4. Considerações finais

Este trabalho procurou apresentar e discutir ideias acerca da formação de professores sob a

perpectiva da interdisciplinaridade. As experiências relatadas resumem três anos de propostas didático

pedagógicas com grupos de estudantes dos cursos de Licenciatura em Música e Teatro. Respondendo à

questão de pesquisa pensada para este estudo podemos afirmar que os procedimentos de ensino na

perspectiva adotada de “troca e cooperação” (Morin, 2001) “contribuíram imensamente” – como assim foi

definido por um dos estudantes – para a prática pedagógica dos estagiários. Observamos que os

procedimentos compartilhados de ensino tem proporcionado aos estudantes um desafio global e complexo

quando são convidados a pensar nos conhecimentos de forma integrada e não fragmentada.

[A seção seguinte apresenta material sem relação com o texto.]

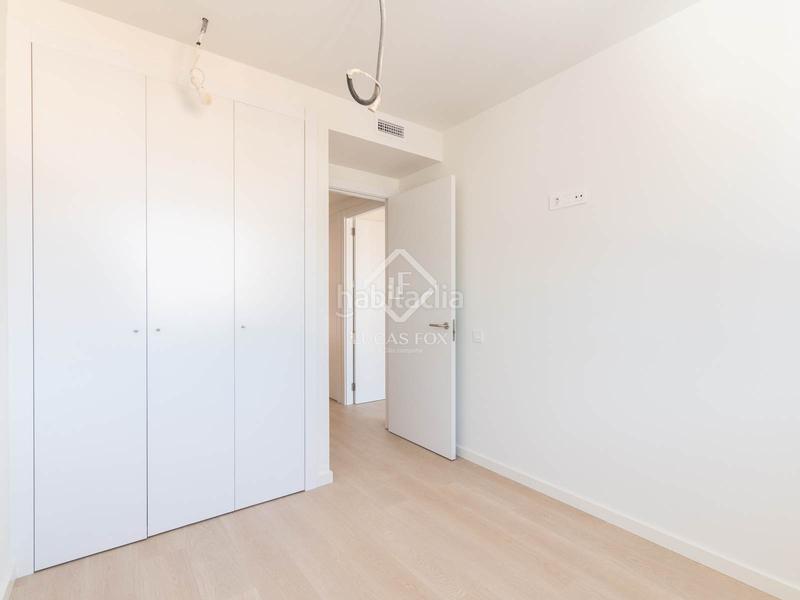 Foto 208a9d1e-d50d-4aed-b8a5-dacdbbfeb886. Alquiler piso  en alquiler, excelentes condiciones, con dos dormitorios y terraza de 24 m con vistas al mar en Castelldefels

Este ano foi possível acompanhar um estágio curricular integrando música e teatro, como parte dos

resultados deste projeto. Os licenciandos desenvolveram um trabalho integrado com uma turma de crianças

na faixa etária entre quatro e cinco anos, do Núcleo de Desenvolvimento Infantil (NDI/UFSC). Por meio da

metodologia teatral do Drama, onde as atividades, inseridas em um contexto ficcional, se desenvolveram por

episódios e com a mediação do professor-personagem, as aulas foram permeadas de vivências teatrais e

musicais. A temática estava relacionada ao respeito pela diversidade, onde experiências com elementos de

culturas estrangeiras tornaram-se o foco dos processos de ensino e aprendizagem.

Para os próximos semestres vislumbram-se trabalhos interdisciplinares com as artes visuais e com os

estagiários de Pedagogia. Por um lado, acredita-se que olhar para outras práticas é fundamental para se obter

uma visão sobre a própria prática e, por outro, romper com o isolamento das disciplinas, considerando o que

lhes é contextual, pode contribuir para modificar e alterar os procedimentos de ensino das aulas de arte.